North American Summit on Interpreting
I discovered many kindred spirits at the 2nd North American Summit on Interpreting. I recognized colleagues as language service professionals as well as activists who
- hold optimistic views of what simultaneous interpretation is, does, and can do,
- believe in the need for unity of professional simultaneous interpreters across sectors and languages, and
- are eager to train interpreters and users of interpreting services about best practices for effective intercultural communication.
“We’re still in push”
I presented a poster summarizing a good chunk of my dissertation, including its main point, that the way simultaneous interpretation has been institutionalized results in the perpetuation of social inequality more than it contributes to leveling the playing field.

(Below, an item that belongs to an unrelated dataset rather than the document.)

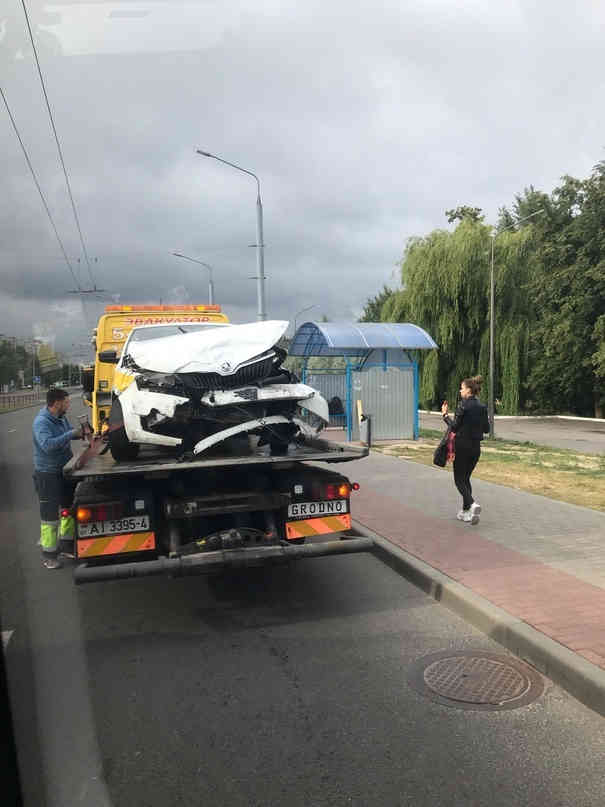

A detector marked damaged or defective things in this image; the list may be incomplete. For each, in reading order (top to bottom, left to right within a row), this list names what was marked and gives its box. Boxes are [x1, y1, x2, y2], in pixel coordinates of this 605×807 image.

On the one hand, this is a grim conclusion. On the other hand, it provides a base from which concerned interpreters, providers and users of interpreting services can identify and strategize together about leverage points for introducing sociocultural innovations and legislative changes.
We are not compelled to continue all of the ritualized elements of simultaneous interpretation that we have inherited or even helped to build. We can learn from the trajectory of the last 70 years and make precise modifications in training, education, credentialing, and professional practice. These changes can be calibrated in order to reshape this special form of intercultural communication so that it serves the common good. By using simultaneous interpretation as an institutional mechanism for deliberately redressing systematic inequality, more safe and humane life chances can be generated for people of all classes and ways of life.